Wednesday 23 July 2008

Conways

I think it would have been in 1969 or 1970 that I was driving in Edinburgh's New Town during the Festival and saw an elderly couple looking stranded beside an obviously damaged car on Queen Street. So I pulled over and asked if I could help. It turned out they were American tourists, passing through Edinburgh en route to somewhere further north when they had been involved in a traffic accident in their hired car. Their car was being taken away for repair but they had not planned to be in Edinburgh that night and so had made no arrangements for somewhere to stay. And as it was Festival time, there wasn't a spare room to be had. So I invited them to stay at the family's home where I was still living. My parents were away on holiday, so there was plenty of room. It must have been a bit strange for this couple to trust a complete stranger but eventually we all drove back home and they stayed the night and all went charmingly.

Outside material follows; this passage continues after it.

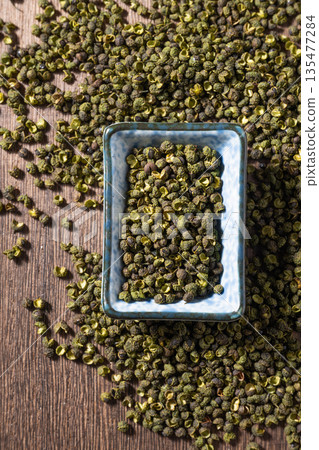 Spices: Sichuan peppercorns 135477284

Their name was Conway, and I'm sorry to say that I never kept in touch with them afterwards. I would love to have found out what they really thought was going on - were they worried about being kidnapped, or ending up in a drug den, or what? I guess now I will never know.

Sunday 6 July 2008

Taste of Italy

When I worked as Head of Design at the National Gallery in London in the 1980s we staged a small exhibition comparing two works by Canaletto and Guardi, both views of the Piazza San Marco in Venice. As usual I arranged for large sign-written boards to be produced to promote this exhibition, which were made up in sections and then mounted on the front facade of the gallery. On the day of the exhibition itself I was called out to see the boards being put in place, only to realise that the signwriters had missed out a crucial "A" between two sections, and the National Gallery was now proudly advertising the PIZZA San Marco to the tourists in Trafalgar Square. Ah, what memories...

Saturday 5 July 2008

One act, one scene

At school there was a tradition that the junior boys performed, during the winter term, one-act plays, usually supposed to be comedy, for the school. And so, aged about 13, I found myself involved in a humorous play called In The Dentist's Waiting Room. My part was not large or central; it involved appearing on two occasions, in the first and last scenes, speaking a few lines which moved the plot forward in some fashion, and then exiting again.

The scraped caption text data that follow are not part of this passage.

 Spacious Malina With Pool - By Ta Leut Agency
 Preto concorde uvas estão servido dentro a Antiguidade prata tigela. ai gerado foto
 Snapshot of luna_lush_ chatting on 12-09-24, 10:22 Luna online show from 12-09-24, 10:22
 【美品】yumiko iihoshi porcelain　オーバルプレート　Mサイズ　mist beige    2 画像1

Unfortunately, the occasion overcame me. I made my first entrance, in the first scene, and spoke my lines clearly. They were, however, my lines for the final scene. The rest of the cast, rehearsed to a Pavlovian level of response, followed on from my lines and completed the final scene. The curtains closed to a surprised silence from the audience. The play, which was supposed to last fifteen minutes, had taken four. And it had had no discernible plot. And it was not remotely funny.

Noone said anything afterwards. My excuse is that the two lines were very similar - I swear.

Friday 4 July 2008

Orienteering

In 1973, I guess, I was working at the Edinburgh Film Festival for the summer, and one of the films launched there was The Wicker Man. This was a fairly weird movie by any standards, and has since become a cult, valued in retrospect much more than its lukewam reviews and limited box-office at the time would have suggested. There was a press screening one day, attended by one of the actors in the film, Lindsay Kemp, who had a 'character' part as a Scottish innkeeper (if I remember). Lindsay was one of the features of the Edinburgh cultural scene, leading a mime troupe that I had first seen perform at the Richard Demarco Gallery in 1968.

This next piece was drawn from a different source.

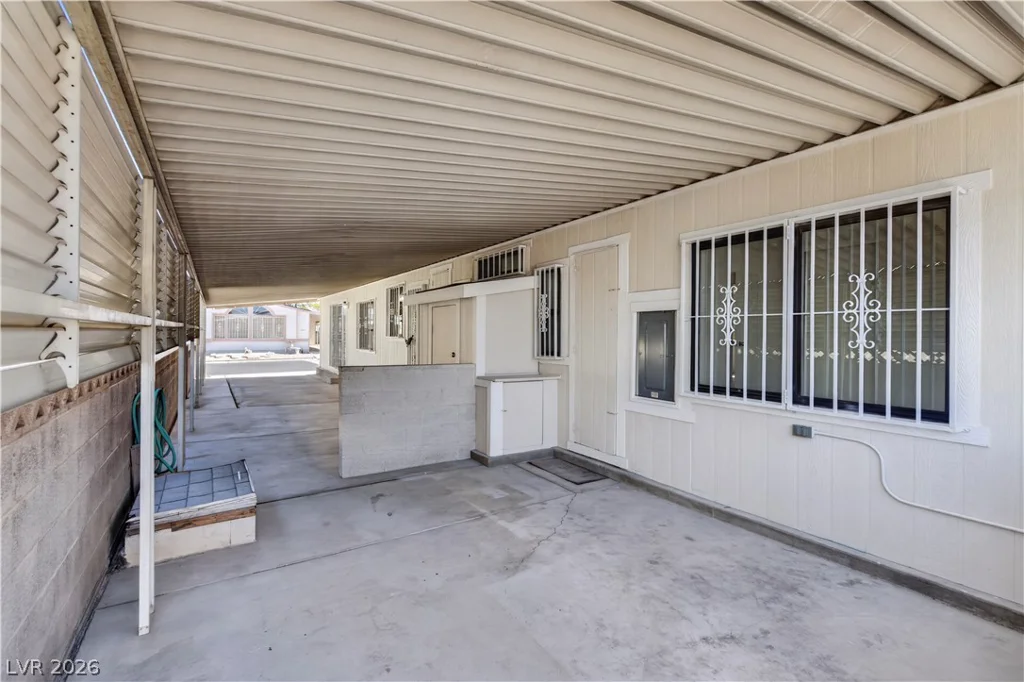 5048 Royal, Las Vegas, NV 89103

After the screening several of the EIFF team went out to a nearby pub for a drink with Lindsay, together with Jack Birkett (Orlando) and others of Lindsay's group. In the chat, someone asked Lindsay, who was about as camp as they come, how he knew he was gay. 'Well', replied Lindsay, 'it's very simple. Women don't give me erections.' Now, I'm sure there are all sorts of experts in sexual orientation who would say it's a lot more complicated than that, but to me that was about as useful a test of which way one was swinging as any deeper psychological study. On this simple premise, I was able back then and since to confirm that I was in a different -er - camp from Lindsay.